▸ **Problem details**: Please keep pictures out of the copy, and print exactly the lines from the one containing "Tarragon Herbs Label Voedselcontainer Etiket" through the end of the records.

[Records contained in a dataset]
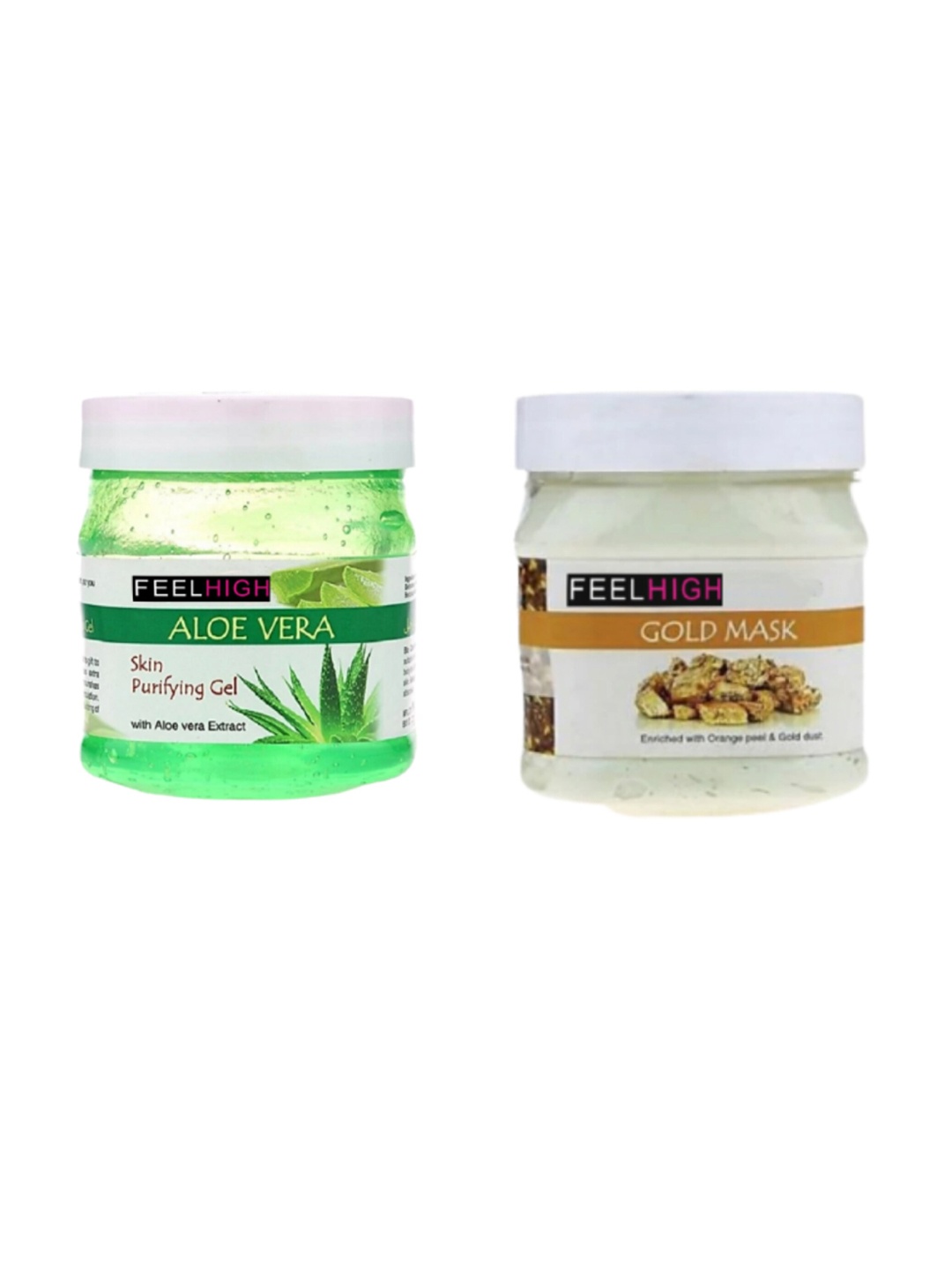 

FEELHIGH Aloe Vera Gel 500gm & Gold Mask 500gm, Multi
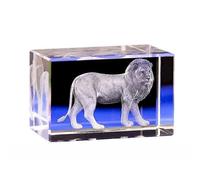 Estatua de león de cristal grabada con láser 3D para decoración del hogar, cumpleaños, regalos (50x50x80mm)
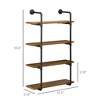 Aghana Digitals Rustic Brown 4-Tier Industrial Pipe Wall Shelf, Metal & MDF Floating Display Rack - 3 of 4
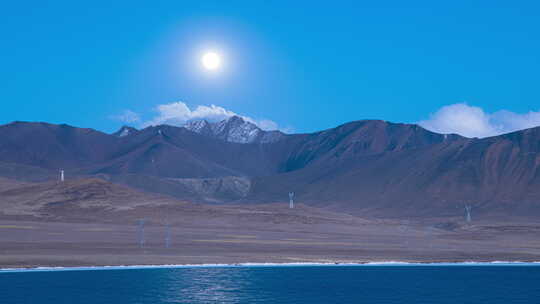 8K60p 西藏山南普莫雍错拍远山月出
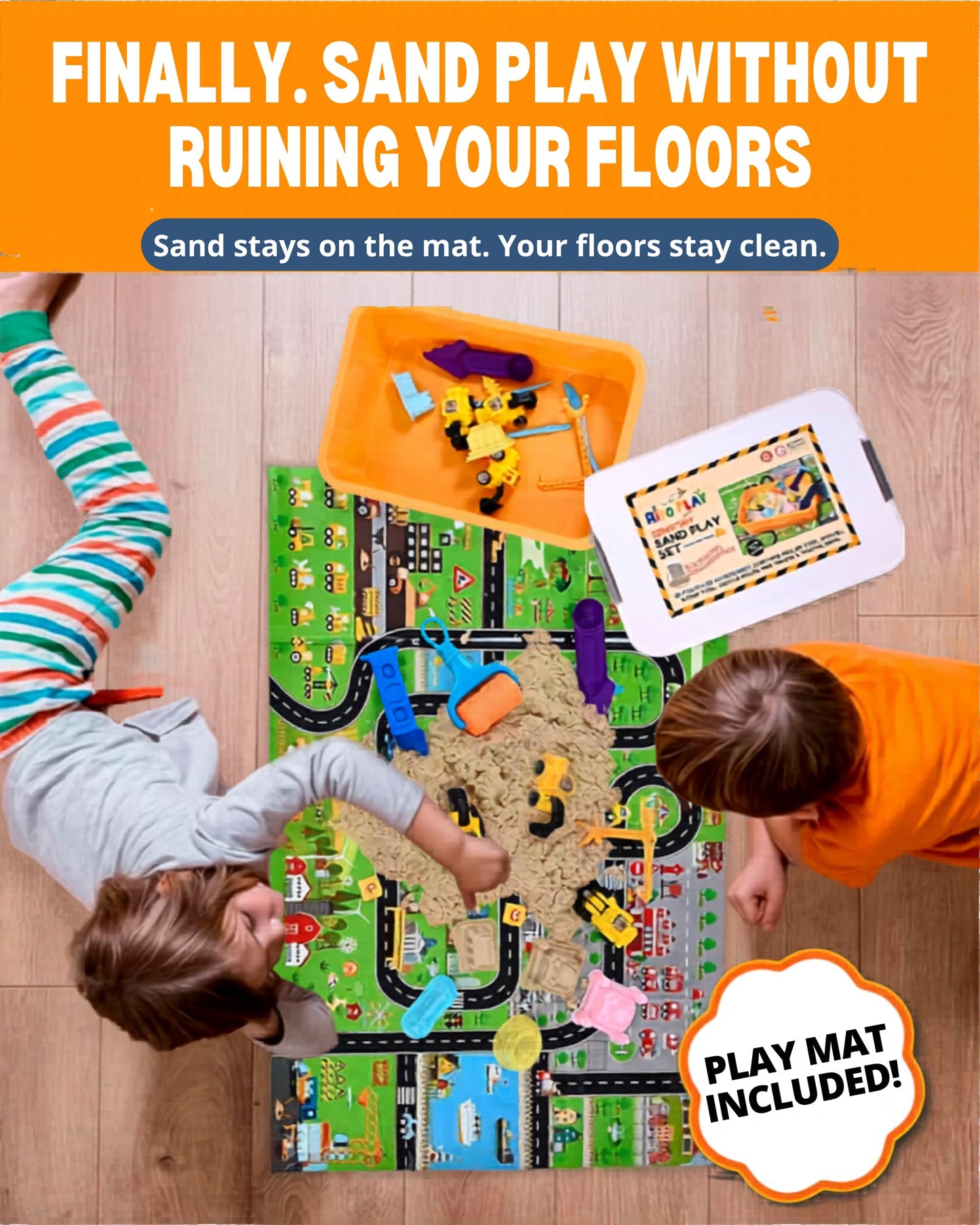 Riyo Play Construction Sensory Bin for Toddlers, 2-in-1 Play Mat, Ages 3+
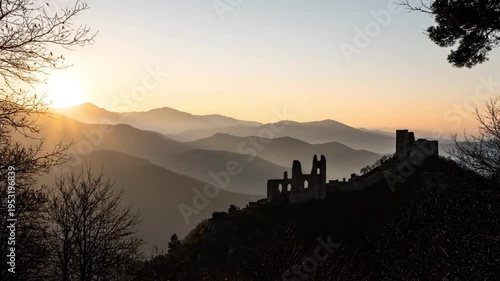 Silhouette of ancient ruins on mountain peak at sunset with bare trees and distant mountains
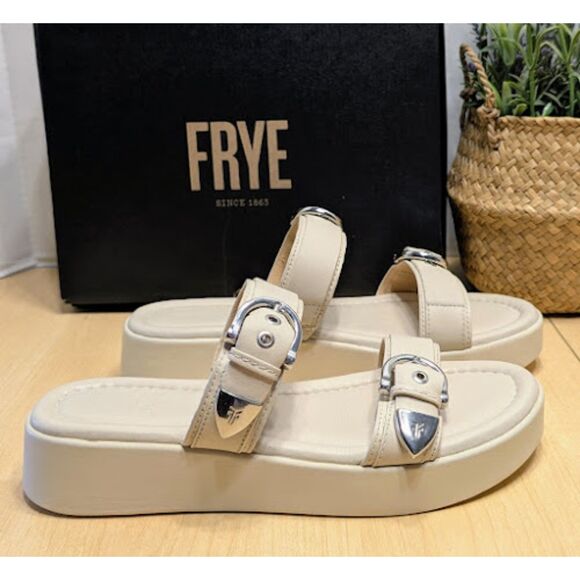 Frye Ivory Maya Buckle Leather Sandals Women's Size 8 NIB - Picture 2 of 13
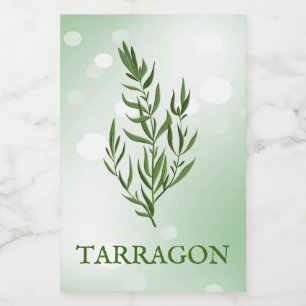 Tarragon Herbs Label Voedselcontainer Etiket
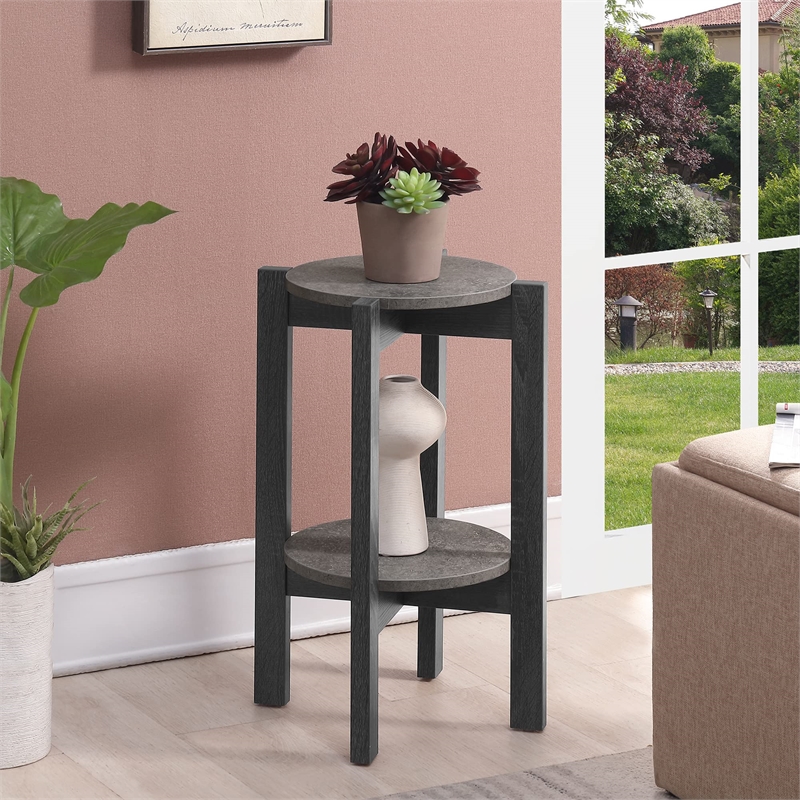 Pemberly Row Contemporary Medium Plant Stand in Gray Wood Finish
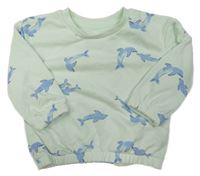 Svetlozelená oversize mikina s delfínmi Primark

▸ **Exercise result**:
 Tarragon Herbs Label Voedselcontainer Etiket
 Pemberly Row Contemporary Medium Plant Stand in Gray Wood Finish
 Svetlozelená oversize mikina s delfínmi Primark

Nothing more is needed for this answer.